If The Artist has whet your appetite for genuine silent classics, here's Francesca Steele's beginner's guide to the best of the pre-talkie era.
The Kid (1921)
You can either be a Charlie Chaplin fan or a Buster Keaton fan, but not both, the saying goes. Both were comic geniuses of the silent era, but Chaplin's humour is rooted in a vaudeville sentimentality (Keaton employs a more modern cynicism) which makes him the perfect introduction to silent movies. Though The Gold Rush was his greatest success, The Kid, where we see him in his iconic "little tramp" get-up, complete with tattered jacket, moustache and cane, has an affectionate silliness that makes it the most lovable.
The General (1926)
Loathed by critics on its release, this Buster Keaton comedy about an engineer who chases a stolen locomotive across enemy lines is now considered a classic. Directed by and starring a typically deadpan Keaton, it was described as "the greatest comedy ever made, the greatest Civil War film ever made, and perhaps the greatest film ever made" by Orson Welles. In any case, it's physical comedy without the slapstick - a trait many modern audiences prefer.

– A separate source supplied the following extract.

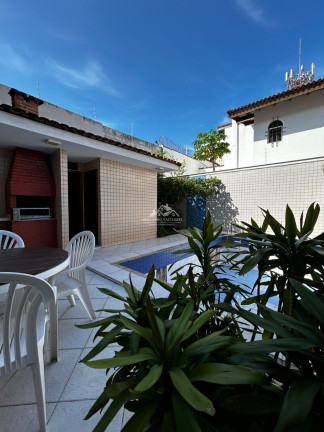 Imagem Casa com 4 Quartos à Venda, 246 m² em Mata Da Praia - Vitória Imagem Casa com 4 Quartos à Venda, 246 m² em Mata Da Praia - Vitória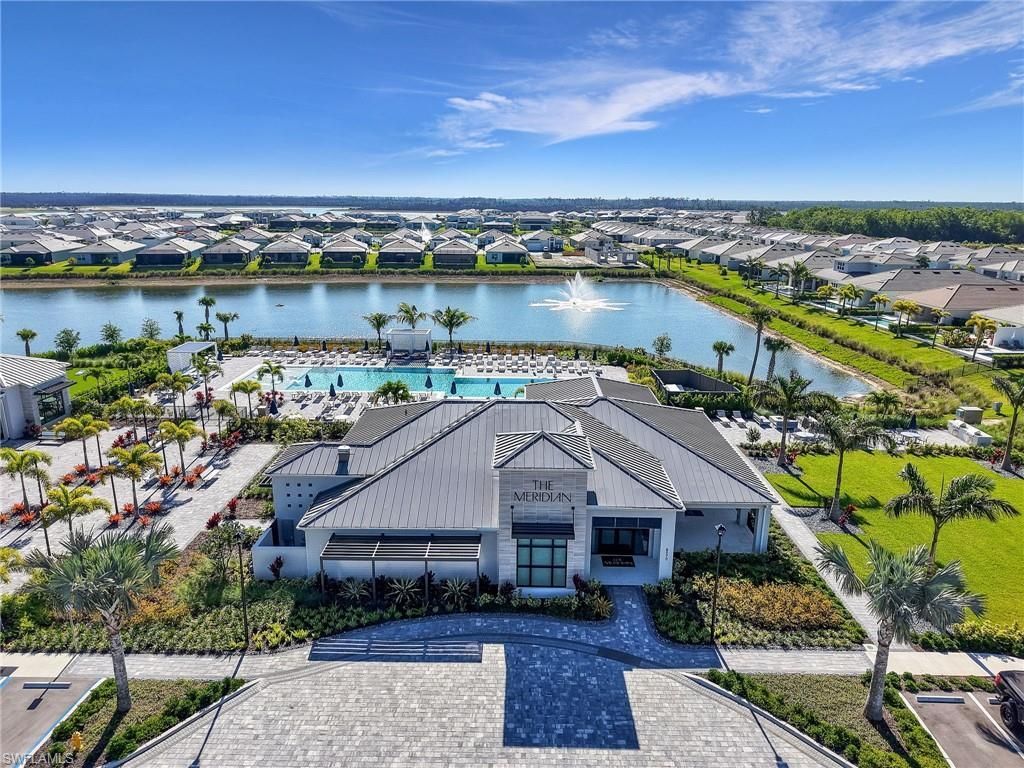 9171 Wisteria Way , Naples, FL 34114 Photo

The Birth of a Nation (1915)
A Gone with the Wind for the silent era, D W Griffith's controversial film about the American Civil War caught the public's attention as much for its subject matter as its revolutionary techniques. Starring the nation's sweetheart, Lillian Gish, it dazzled with its impressive sets but is also abhorrently racist, casting white actors in "blackface" as ignorant buffoons. It sparked race riots across the country and was blamed for the 20th-century revival of the Ku Klux Klan. It is also notable for its heavy-handed use of "forward-facing" inter-titles, which, like chapter titles in a book, preface what is to come rather than forming part of the drama. But although Griffith's later works, such as Way Down East, are more accessible, this is still by far his best-known.
Metropolis (1927)
Just as "the talkies" were preparing to make silent films look technically insignificant, along came Fritz Lang's mind-blowing dystopian allegory about the injustices of capitalism and the problems of an industrialised working class (helped at some screenings by a Wagner-esque score). Famous for its use of the Schufftan process, in which mirrors made actors appear to be in the miniature sets, it is one of the finest examples of German expressionist film.